Waring was arrested about eight hours later after a police pursuit through Santa Ana.

Superior Court Judge Jonathan Fish heard arguments this week from Waring’s attorney, Joel Garson, and Senior Deputy Dist. Atty. Cynthia Nichols about what evidence should be presented to jurors and what should be excluded.

Garson wrote in court papers that Daniel L. told authorities that the shots were fired from a blue or purple Acura, not the white BMW that authorities say Waring was driving.

Less than a half-hour after the shooting, Garson wrote, an officer saw a blue Acura matching the description parked at the Star Inn on Newport Boulevard.

Video from the motel showed that the blue vehicle arrived shortly after the shooting occurred and that a man named Bryan Goldstein, nicknamed Ace, got out and walked to a room, according to Garson.


A Costa Mesa police officer questioned Goldstein at the motel about the shooting.

Garson alleged in court Thursday that Goldstein received special treatment from officers. He argued that officers didn’t test his hands or clothing for gunshot residue and didn’t search the car until two days later, after it had been sitting in a tow yard with the windows open.

Nichols contended that everyone questioned that night was treated the same way.

Goldstein has an immunity agreement with the Orange County district attorney’s office to testify in an Anaheim homicide case from July 2016, according to court papers. Garson said Thursday that Goldstein had been an informant in another case in 2004.

Fish agreed Thursday to allow Garson to question Costa Mesa officers about whether they knew Goldstein had previously cooperated with law enforcement when they interviewed him the night of the shooting.

Goldstein indicated that if asked to testify in the Waring case he would invoke his 5th Amendment right against self-incrimination.

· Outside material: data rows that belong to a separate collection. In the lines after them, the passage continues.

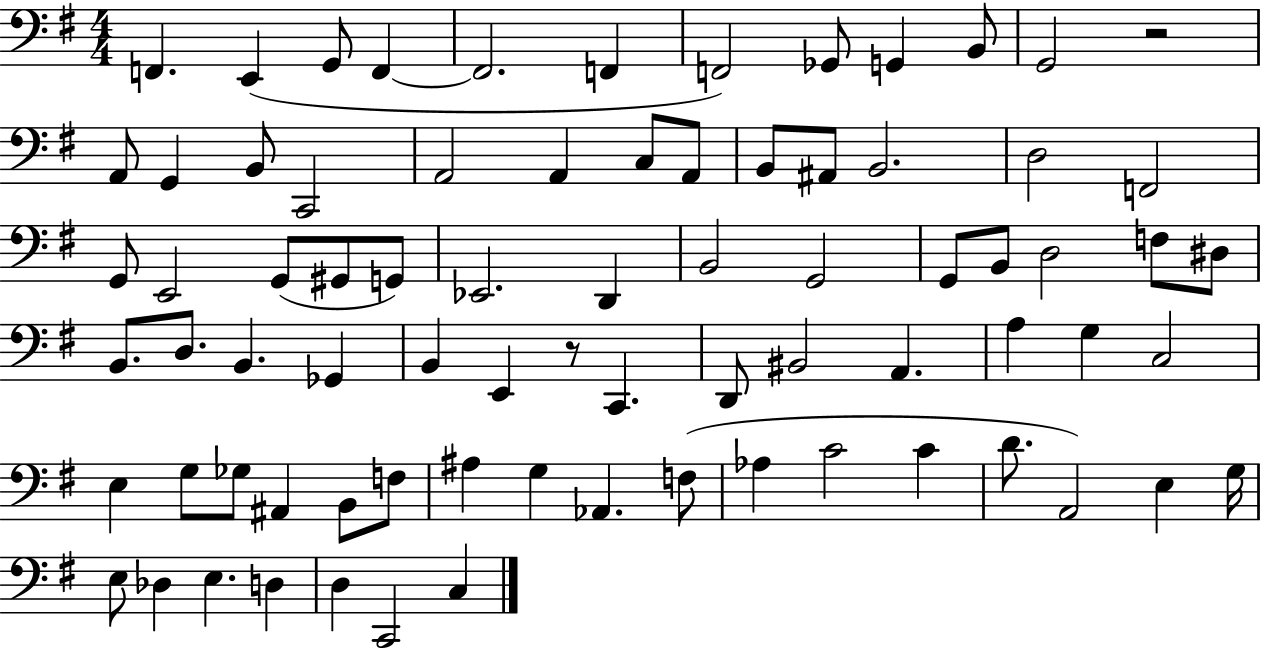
{
  \clef bass
  \numericTimeSignature
  \time 4/4
  \key g \major
  f,4. e,4( g,8 f,4~~ | f,2. f,4 | f,2) ges,8 g,4 b,8 | g,2 r2 | \break a,8 g,4 b,8 c,2 | a,2 a,4 c8 a,8 | b,8 ais,8 b,2. | d2 f,2 | \break g,8 e,2 g,8( gis,8 g,8) | ees,2. d,4 | b,2 g,2 | g,8 b,8 d2 f8 dis8 | \break b,8. d8. b,4. ges,4 | b,4 e,4 r8 c,4. | d,8 bis,2 a,4. | a4 g4 c2 | \break e4 g8 ges8 ais,4 b,8 f8 | ais4 g4 aes,4. f8( | aes4 c'2 c'4 | d'8. a,2) e4 g16 | \break e8 des4 e4. d4 | d4 c,2 c4 | \bar "|."
}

He will not be called as a defense witness, according to Garson.

A few months after the shooting, while in a holding tank in Orange County Jail, Goldstein spoke about the shooting with Ira Stringer, an inmate who was housed near Waring, according to a Jan. 5 account of an interview between Stringer and Kristen Knowles, a private investigator working with Garson.

According to Stringer, Goldstein asked him to tell Waring that he “won’t let him go down for this.” Knowles’ report states that Goldstein told Stringer he was the one in the dark-colored car and he was the shooter.


According to the report, Goldstein told Stringer that he threw the gun into a trash bin at the Star Inn before police showed up to question him.

Then, according to the report, Goldstein’s story began to change.

“While there were other people around, Goldstein stated he was in the light car and Josh was the shooter,” Knowles wrote.

Nichols argued in court papers against allowing jurors to hear Stringer’s testimony, calling it unreliable.

Fish is expected to rule on that Monday.

Fry writes for Times Community News.